What is DRM?
- DRM Approach
- Keys Synchronization
- Disconnected Environments
- DRM Technologies
- Which DRM Technology to Use?
- Next Steps
You have video content and you want to protect it against unauthorized use? Let’s review a typical setup in a video distribution solution:
There is one issue with this solution: it is far too easy to steal the content. An attacker can get access to the content as a regular user, download the content, and then use it in various ways outside of the system, e.g. publish the content on the Internet.
DRM technology can help here. DRM stands for Digital Rights Management. It relies on encryption to protect the content.
In a nutshell, it works like this:
Generate a content key.
Encrypt the video with the content key.
Distribute the video to its consumers via any (unprotected) channel.

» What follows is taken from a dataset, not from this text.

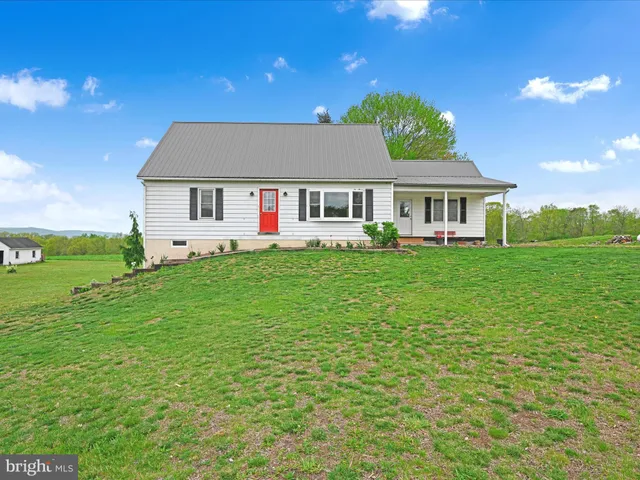 $300,000 | 805 South Crossroads Road, Lykens, PA 17048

Provide access to the content key to the authorized users (and only to them).
Control what the authorized users can do with the video.
The trickiest part is the last one: "control what the users can do". You can’t directly provide the content keys to the users. Otherwise, any authorized user could compromise the system by decrypting the video once and, for example, publishing it in clear on the Internet.
It is crucial to maintain control over the content keys at all times. A trusted component on the client side is needed to ensure this. This component is called the Content Decryption Module (CDM). Various DRM technologies, such as Widevine, PlayReady, and FairPlay, come with their own CDM, which encapsulates the functions of content decryption and usage rules enforcement. The deeper this CDM resides in the operating system (and even better - in the hardware), the more secure the system is.
Let’s have a closer look at the individual components and how they collaborate in a DRM workflow.
Encryption usually happens as one of the processing steps during video encoding and it is performed by the same software. (The other steps are typically video encoding and packaging for adaptive streaming).
The most reliable and efficient encryption algorithm today for large binary files is AES (Advanced Encryption Standard). It is a symmetric-key algorithm, which means that the same key is used to encrypt and decrypt the data. Key lengths of 128, 192, or 256 bits are supported. Most modern DRM technologies use AES with 128-bit keys.
During encryption, some metadata is added to the video. This data is called DRM signaling. As a minimum, it identifies the DRM system used (e. g. PlayReady or Widevine). You can also find the term PSSH (Protection System Specific Header). DRM signaling helps the players to understand that the video is encrypted and to correctly use the DRM technology on the device to play the content.
The encryption process needs an encryption key, also called a Content Key. Any cryptographically strong random number with 128 bits can be used as a Content Key. Still, usually a separate service is used to generate a content key - it’s the so-called Key Service. A Key Service shall synchronize the content keys it generates with the License Service (see below), which provides the content keys to the video player in a secure way.
It is common to use the CPIX format for content key exchange.
There are various key exchange protocols in use, supported by different encoders, for example, SPEKE (AWS) and Widevine Common Encryption (Google).
Once encrypted, the video can be distributed to its consumers even via insecure channels. The system security comes from the trust into the cryptographical strength of the AES algorithm and from the secure content key delivery process. (However, the content owners still prefer to limit exposure even of the encrypted content.)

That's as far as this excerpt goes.